Finding Peace With Sports Fandom

While the Toronto Blue Jays sit on the brink of imminent internal implosion and the Virginia Tech Hokies have finished a trip to Syracuse where they found a way to show their true colors – I wonder about the nature of fandom.

For some, these two events would drive fans to question the managers, players or refs. Others may  wonder what could have happened at a different moment in the game had “this play” occured.

I’m sure that some die hard fans watched and screamed at their televisions and possibly even threw things whenever they got the chance.

Not me.

Not recently anyway – the last thing I threw was my hockey stick.  To be fair, it wasn’t my hockey stick’s fault but it took the brunt of my frustration.

It was either the stick or something else.

Looking back, I should have picked the “something else.”

I wonder about the children who sports market to.  The mascots dance and look for kids at games.  Teams use cutesy graphics and shirts to get kids to wear their logos.  Once they get kids in the games they are hooked.

Kids watch these games and become “fans” of these teams.  I recall crying over the University of Tennessee Volunteers losing to Alabama in football and think about what led me to become a UT football fan.

Was it the team?  I didn’t know anything about the coach.  I didn’t know the players.

Was it the history of the University?  Of course not.  I had no idea about anything to do with it.  I didn’t have any connections to anyone involved with the University.

Was it the mascot?  Smokey is a Bluetick Coonhound.  I grew up with cats, birds and a hermit crab that I killed when I forgot to water it.  I didn’t think about the fact he needed water so I left it for a couple of weeks and it curled up in its shell and died.  Oops.

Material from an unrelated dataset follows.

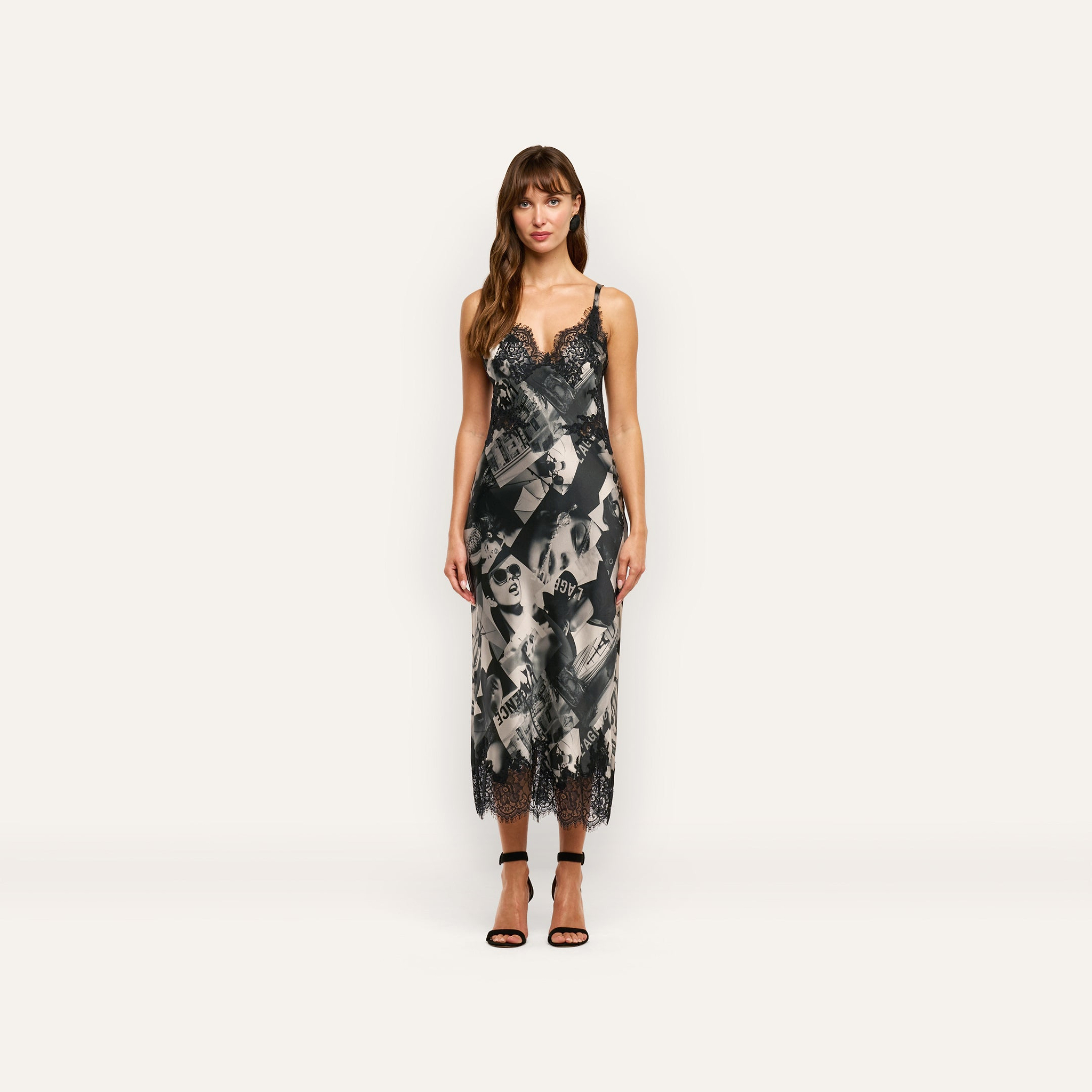 Victoire Silk Dress in a midi-length slip style featuring a black-and-white magazine print with black lace trim at the neckline and hem.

But Smokey was real, there was a real coonhound on the sidelines.  It was Smokey VI when I was growing up.  There was a Smokey caricature that could be found in different places that attracted kids.

Was it the winning?  I’m not sure.  That team didn’t really win much as the crying under the desk attests to.

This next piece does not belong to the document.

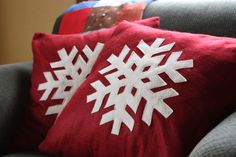 two red and white snowflake pillows on a couch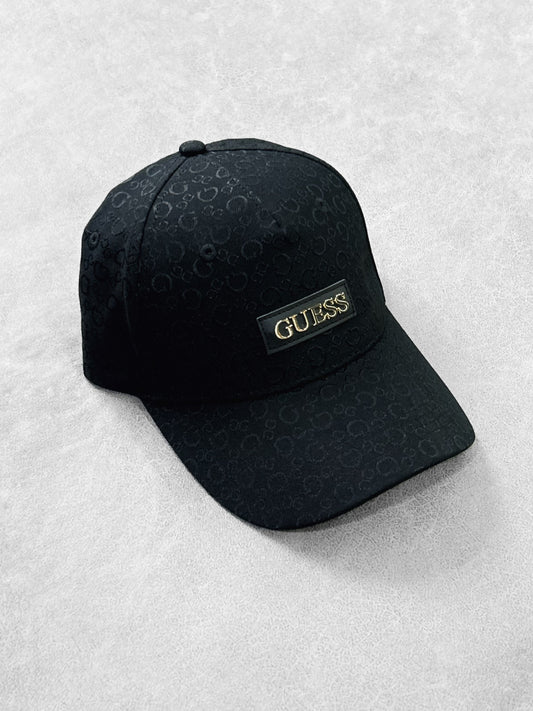 GUESS EMBLEMA DORADO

Maybe it was part tradition (the team running out through the giant T that the Pride of the Southland band formed at the start of the game), Smokey and some kind of need to be a part of something.  I needed to be a part of the Volunteer Army – I didn’t know anyone with a boat who could get me into the Volunteer Navy.

There was the tradition of Tennessee high school football that seemed to flow into it as well.  Andy Kelly played high school football for Rhea County High School and I can remember going to see him play on the other side of Chattanooga – which I’m pretty sure was at Red Bank High School.

The kid was an All American and went to Tennessee – and a friend of the family knew him. So maybe I did have a connection?  Maybe that was part of the lure?  I’m not sure.  I just remember taking what seemed like a long bus ride and being out in the cold Eastern Tennessee night air.

As I grew older and moved away, my loyalties shifted just a bit because of my closeness to Virginia Tech.  However, my Tennessee roots are always there and at times I wonder if they are still there.

(My Mississippi roots don’t seem to run very deep – sometimes I think that’s probably a good thing but every state seems to have its fair share of problems)

In fact, my college choices were VT and UT with an invitation from the Pride of the Southland band to try out.

I’ve never said anything about that invitation but that weighed heavy on me.  I went back and forth on that.  I thought a lot about how much that band means to the people of Tennessee and the University as one of the oldest marching bands in the country.  Both schools knew I was involved in color guard but UT cared enough to invite me to the Pride of the Southland band.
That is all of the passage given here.